Export finance
Definition
What is Export Finance?
To understand what export financing means, let's start with the definition given here: "an export financing consists in funding a medium to long term credit for an infrastructure project abroad typically led by a national exporter.". Let’s take the example of financing a project designed to put in service of new water pipes in a developing country to prevent various diseases, for an amount of USD 50 million over 12 years.
Who is involved in Export Financing?
The different actors involved in export financing are the following:
- Large international banks set up the financing;
- Exporters execute the project on site;
- Export credit agencies, such as BPI France Assurance Export, mitigate country risks (war, revolution, etc.) as well as counterparty risks (payment default) for large international banks;
- Borrowers who are often public entities (e.g. Ministry of Health in the case of the installation of new water pipes).
What are the types of export financing solutions?
Two financing solutions are essentially proposed:
- Buyer's credit will finance the exported part (as opposed to the local part) related to the export of original capital goods.

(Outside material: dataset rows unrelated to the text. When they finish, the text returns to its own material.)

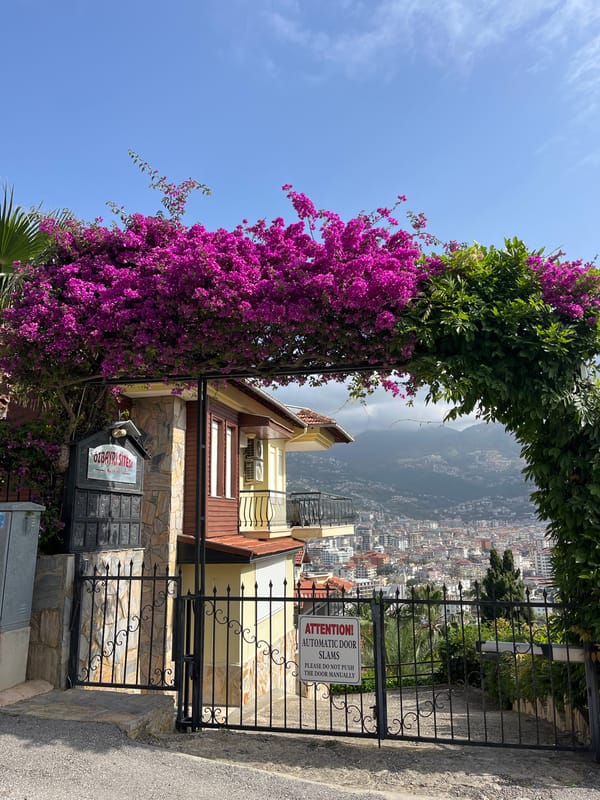 Morning residential scenes captured in Alanya, Turkey neighborhood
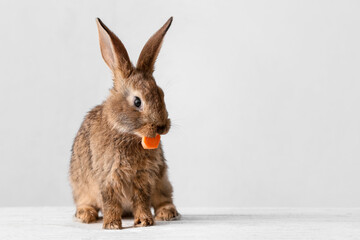 Cute fluffy rabbit eating carrot on light background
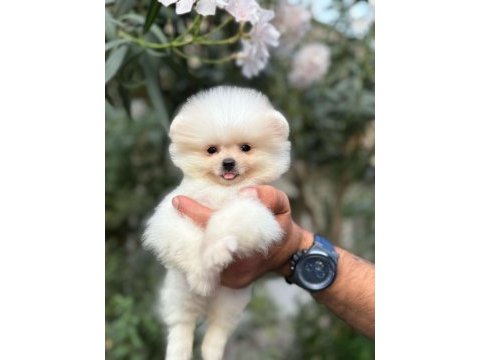 Orjinal pomeranian boo köpekler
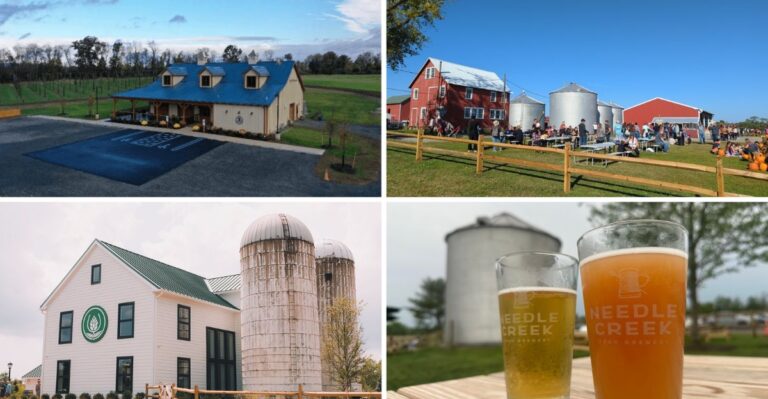 Seven New Jersey Farm Breweries Pour Pints Beside The Fields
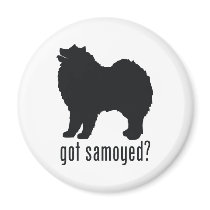 Samoyed Magnet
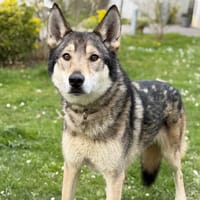 Tiguane CAA14948, chien à adopter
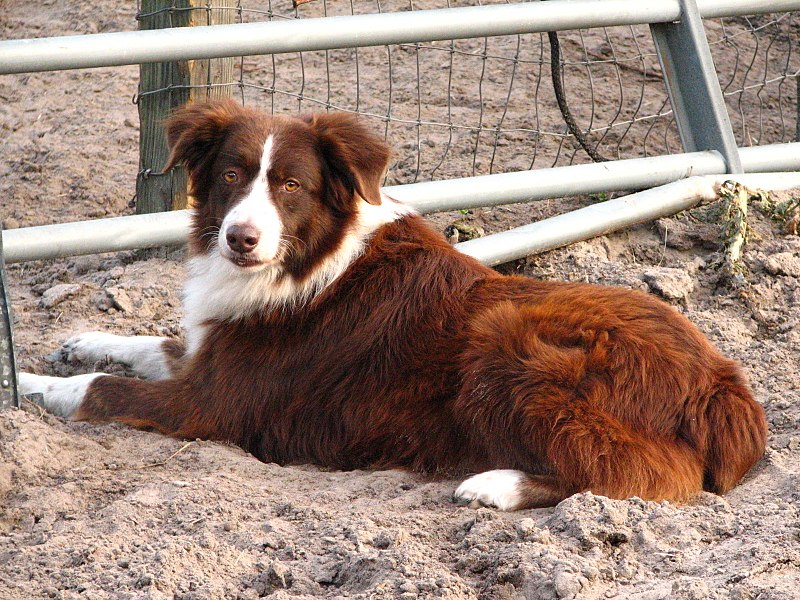 Red bicolour Australian Shepherd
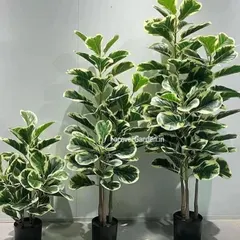 A set of three variegated artificial fiddle leaf fig trees of varying heights. These are very popular for modern home and office interiors.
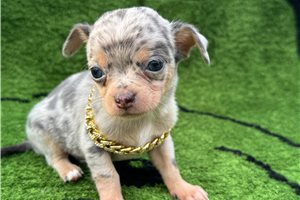 Silo - Chihuahua for sale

It is guaranteed by the export credit agency in the event of default by the borrower with political and/or commercial risk coverage of 95 to 100% of the credit amount, usually under a duration of 12 years.

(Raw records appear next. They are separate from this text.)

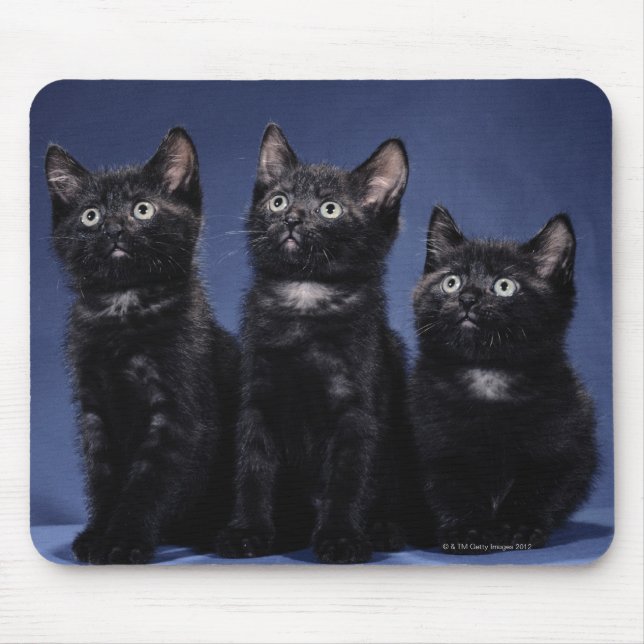Mousepad Gatinhos (Frente)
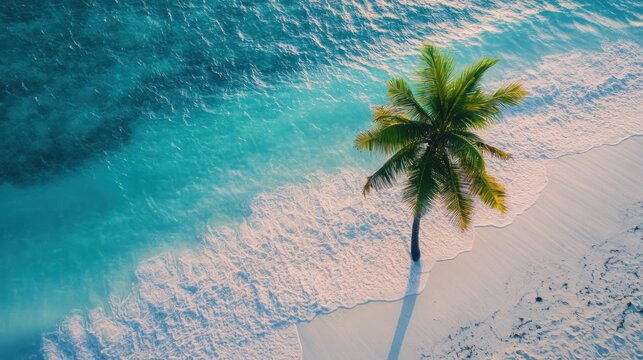 Aerial paradise, Palm tree standing tall on turquoise waters and white sand beach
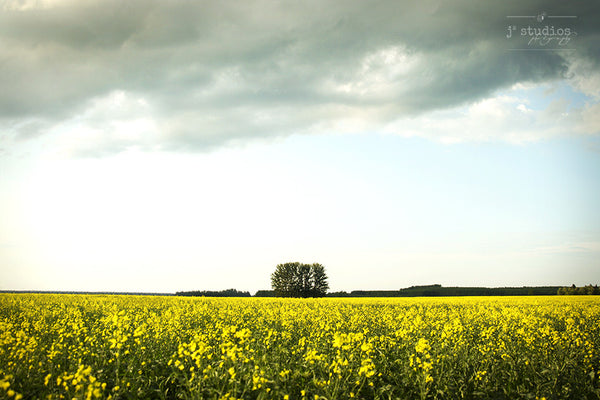 One Tree Field is an art print of a single tree alone in a golden yellow canola field in the Canadian Prairies. Landscape photography.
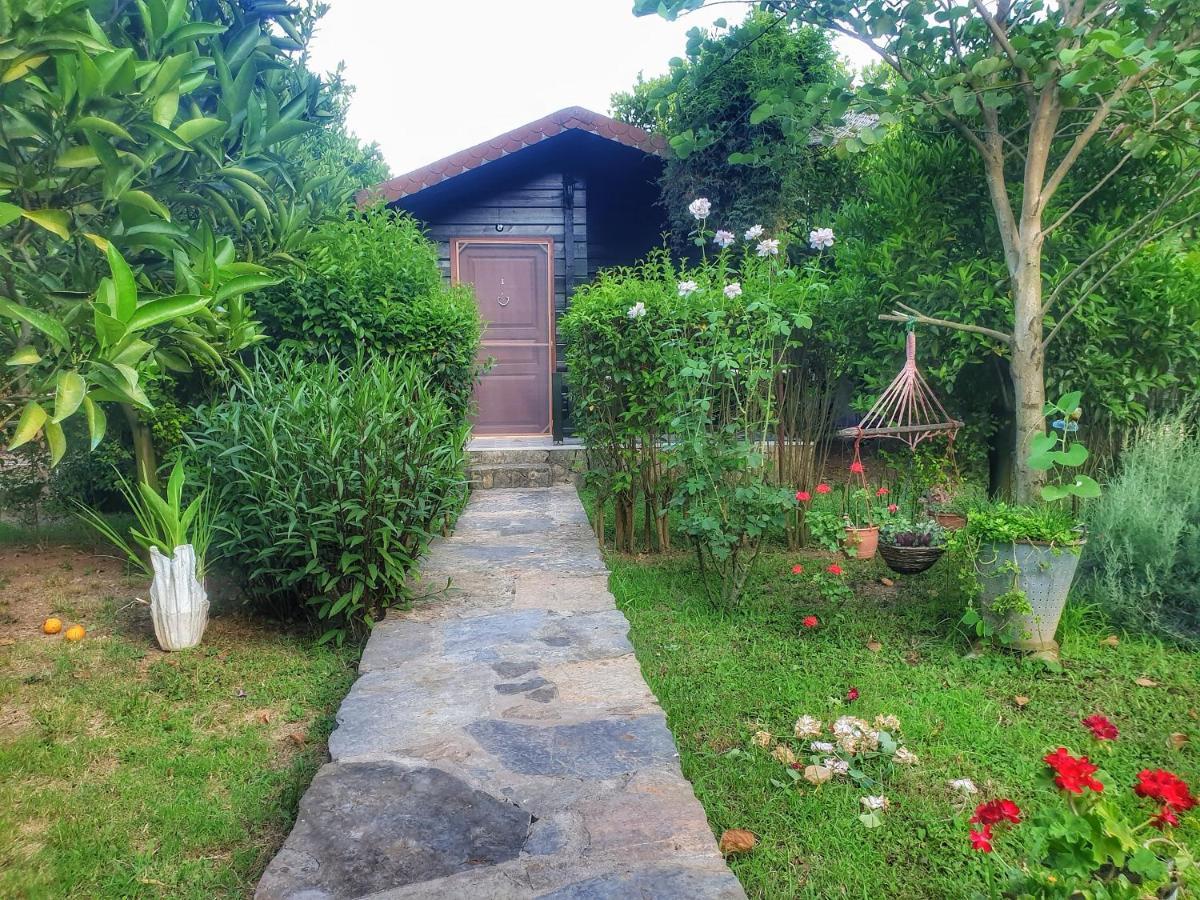 Portalimo - Adult Only +12 Lodge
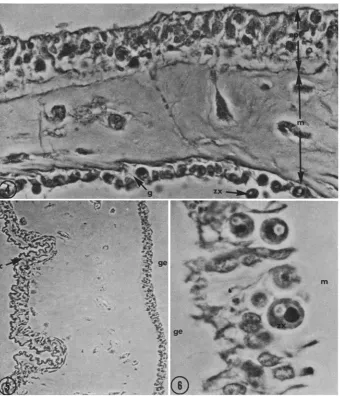 Fig. 4: Light micrograph of the oral disc of Zoanthus sociatus. Fig. 5- Light micrograph of the body wall of electron microscopy shows the presence of extensive microvillation, epi = epidermis; m = The epithelium is ciliated and mesoglea; g = gastroderm; zx = zooxanthella, (660:1) Zoanthus sociatus, c = cuticle; between the 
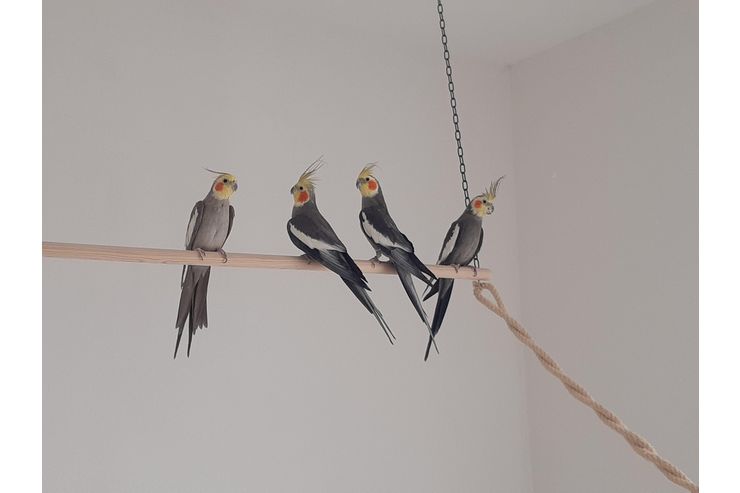 4 Nymphensittiche abzugeben - Sittiche - Bild 1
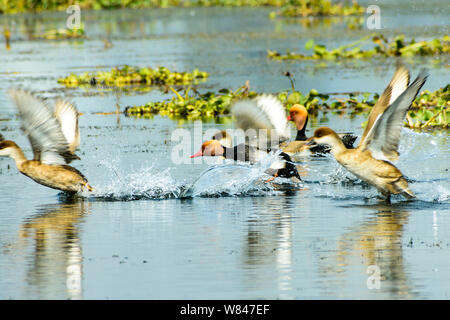 Herde der wandernden roten Crested pochard Aythyinae fliegen auf See. Süßwasser- und an der Küste Vogelarten gesichtet in wasservögel Vedanthangal Vogelschutzgebiet Stockfoto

- the related financial credit will finance the local part (carried out by a workforce residing on the spot) that cannot be covered by the buyer’s credit. It is not provided by an export credit agency. Indeed, as a relay of the State, the export credit agency intervenes to allow national companies to win new markets, synonymous with jobs in the exporter's country. It therefore usually has a duration of maximum 7 years in principle lower than that of the buyer’s credit.